Antonio Scurati "L'uomo della provvidenza" XXVIII
Il 31 ottobre era cominciato in maniera trionfale a Bologna, con Benito che, in sella a un magnifico sauro, ha fatto ingresso nel Littoriale, lo stadio voluto da Arpinati e costruito dal Partito fascista bolognese, come primo anfiteatro della rivoluzione e monumento della nuova epoca. Quando Lui tende il bracio nel saluto fascista, tutto lo stadio risuona di entusiasmo. "Il mondo, urla con voce stentorea, veda questa foresta di baionette e senta il palpito dei cuori decisi e invincibili!" Migliaia di militanti rispondono con un boato cavernoso e cavallo e cavaliere fremono insieme: la bestia di paura, l'uomo di gioia.
La prima ombra su cotanto splendore è la presenza di Farinacci, anche se Mussolini fa di tutto per ignorarla. La seconda la proiettano gli squadristi milanesi di Albino Volpi, uno degli assassini di Giacomo Matteotti, da poco scarcerato e vistosamente ubriaco! Costoro strepitano: "Noi siam fascisti, venuti dall'inferno/Vogliamo Farinacci ministro dell'interno." Il pomeriggio si incupisce e il clima si avvelena e un oscuro presentimento comincia a corrompere la luce del giorno che sta per spegnersi.

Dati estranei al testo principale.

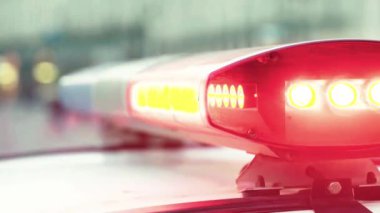 Polis teşhircisi devriye arabasının çatısında yanıp sönüyor.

Quando Mussolini risale sull'Alfa Romeo rossa che dovrà condurlo alla stazione al suo fianco c'è il sindaco e alla guida Leandro Arpinati; la vettura scoperta procede a rilento e il Duce, in piedi, saluta i fascisti bolognesi. Poi il rumore secco di uno sparo e l'idolo, degradato a bersaglio, si risiede e, istintivamente, si perlustra con le mani per accertarsi di essere ancora vivo.
Arpinati preme a fondo sull'acceleratore, mentre Mussolini si volta e vede una selva di mani armate richiudersi sull'attentatore: l'inferno, invocato dagli squadristi ubriachi si è concentrato in poco più di un metro quadrato! Il presunto attentatore è ignoto e sarà anche difficile stabilirne l'età, visto lo stato in cui sono ridotti i resti, l'unica cosa certa è che un ragazzo che aveva da poco raggiunto la pubertà.
A mezzanotte il cadavere è riconosciuto dal padre: Mammolo Zamboni, un vecchio anarchico convertito al fascismo, si chiamava Anteo ed era un ragazzino mezzo ritardato, soprannominato "il patata". Ci sono forti dubbi su come sia riuscito a superare lo schieramento difensivo di migliaia di fascisti armati fino ai denti, ma il Duce è categorico: "È stato lui!" Mentre si accarezza la pelle escoriata dalla pallottola all'altezza del cuore, suona il violino e, forse, è persino felice.